10. By referring to traditional feng shui books, you can even find out what your best personal sleeping directions are, based on your birth year.
11. Advanced, traditional feng shui can also determine the best colors for a room. It’s unique to your specific home and floor plan arrangement.
Whether this is a home office or an office within a commercial space, you can also micro-manage this environment to suit your needs and enhance your productivity. Some people use their office to concentrate, while others use their office to hold meetings with business partners, employees, patients or clients. In a commercial work space, you should:
1. Avoid sitting at your desk with your back to the entrance door of the room. Psychologically you will feel very vulnerable and on edge, knowing that people could come into your office from behind you.
2. Avoid sitting with your back to any protruding interior columns or file cabinets that would be pointing towards your back as this can cause back pain.
3. If you have any disturbing views out of your window, mask the bad view with window treatments, partition screens or tall plants.
4. For a windowless office, get yourself some full-spectrum lighting because it will be less tiring than working all day under fluorescent lighting.
5. Put up pictures of landscapes or large mirrors to give the room a feeling of depth or the illusion of more space.
6. Don’t go for extreme colors in your carpet, such as hunter green or maroon, unless you have had a traditional feng shui consultation to find out if your individual office needs that much of a certain color (which vibrates a certain element.)
The main door to your home is referred to as the “mouth” or “ch’i-gate” in feng shui terminology. You pass through this area potentially many times per day and this is one of the main ways that the energies of the outside world enter into your private space.
The main door that you use the most should be:
1. Free of clutter or congestion. It should not be hard to get through this area.
2. There should be plenty of light because dark entry ways can trigger depression and contribute to lethargy. Use artificial light if you cannot bring in enough natural light through a window or skylight.
3. Air currents will move in a straight line unless diverted. If you have a back door or window aligned directly with your entrance door, the house will leak its vital ch’i. The end result is that it is hard for occupants to save their hard earned money. Corrections for this floor plan flaw can vary depending on how much area there is to work with between the entrance and exit points. Pieces of furniture, live plants, water fountains, and partition screens can sometimes be used to help slow down this direct path of ch’i.
4. Likewise, if a main door is aligned directly with a set of stairs, occupants may also have a hard time saving money or their health will be drained.

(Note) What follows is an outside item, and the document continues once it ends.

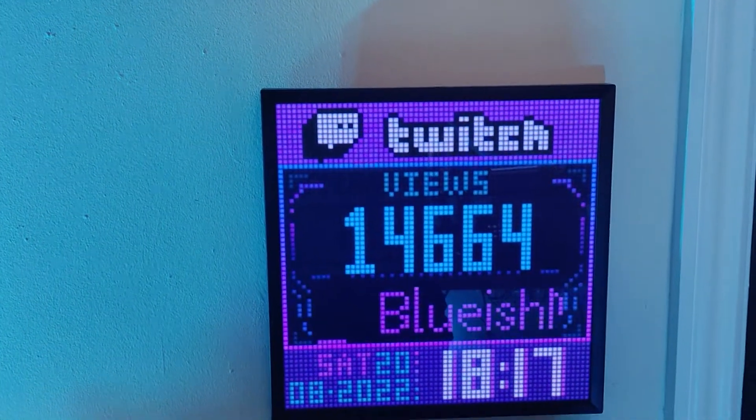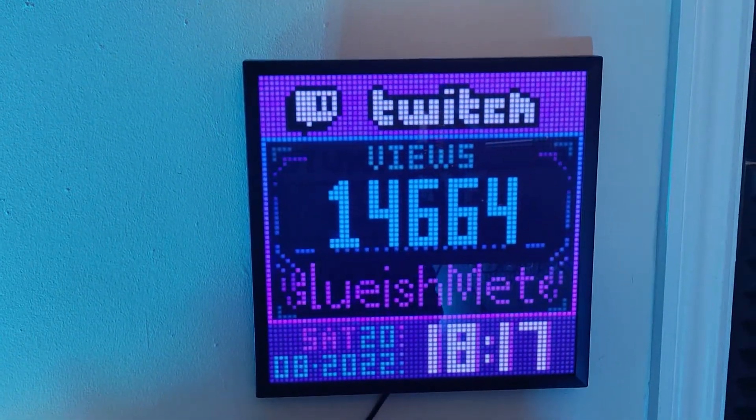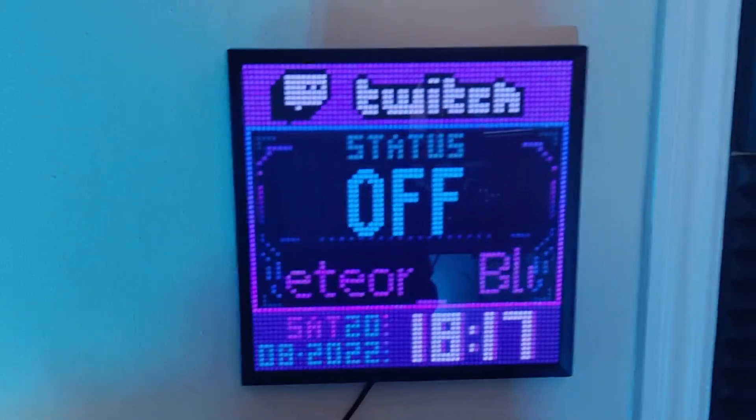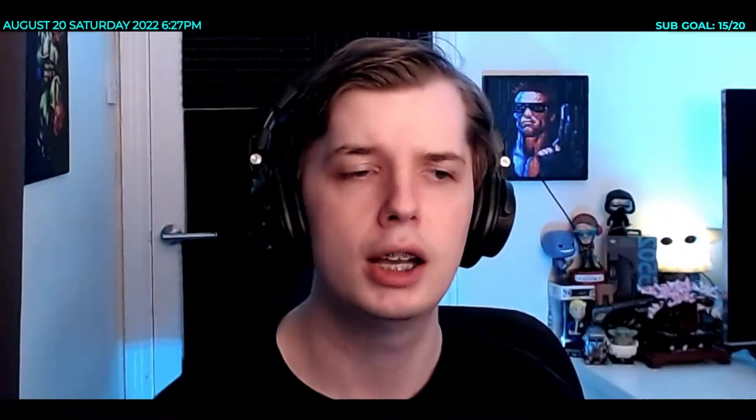Mostly I use it just for my Twitch stats or having the time displayed. If I have a few days where I'm not streaming at all, I just switch it over to a clock or calendar to see what's happening. You can also set up reminders or little notes on there. It's very customizable — really good from what I can see.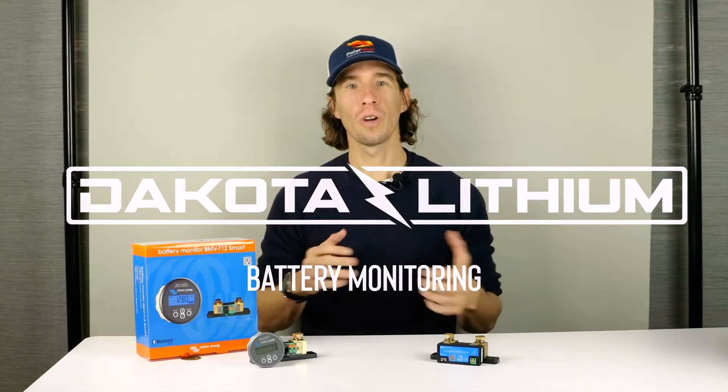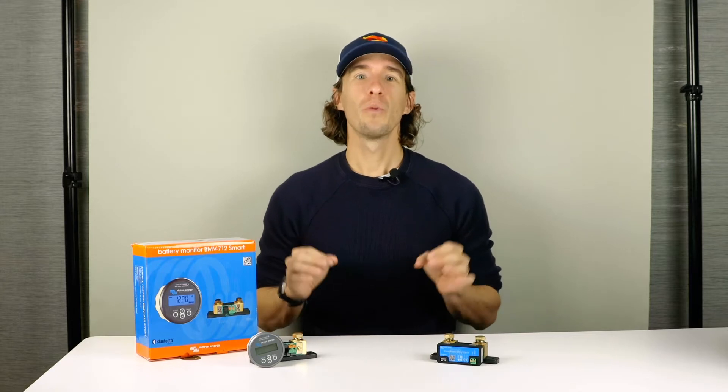Have you ever wondered how full or empty your batteries are, or maybe how much current is going into or out of your batteries? Well, we have two great options, both from Victron Energy, for you.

5. The most challenging entrances are the ones which are congestive because there is a wall too close to the entrance. People who have this kind of entrance will feel halted and stifled in their lives. Covering this wall with a floor to ceiling mirror will help give the illusion that you have more space. This is also a design trick that is used al the time in narrow retail spaces, where one whole wall is mirrored. Health clubs mirror walls, not just so you can see what you look like, but also so they can get away with putting exercise equipment very close to walls without their gym members feeling cramped up in corners.
Although we have outlined some very important basics regarding your bedroom, office, and entrance, the vast body of knowledge which comes from this ancient predictive art can be personalized to your own specific home and work environment. What may be appropriate for one person or business, will not be for another. You can find out more advanced feng shui secrets and solutions when an experienced consultant factors in the age of your home and what compass direction the structure faces. In a way, it is like “astrology for architecture.”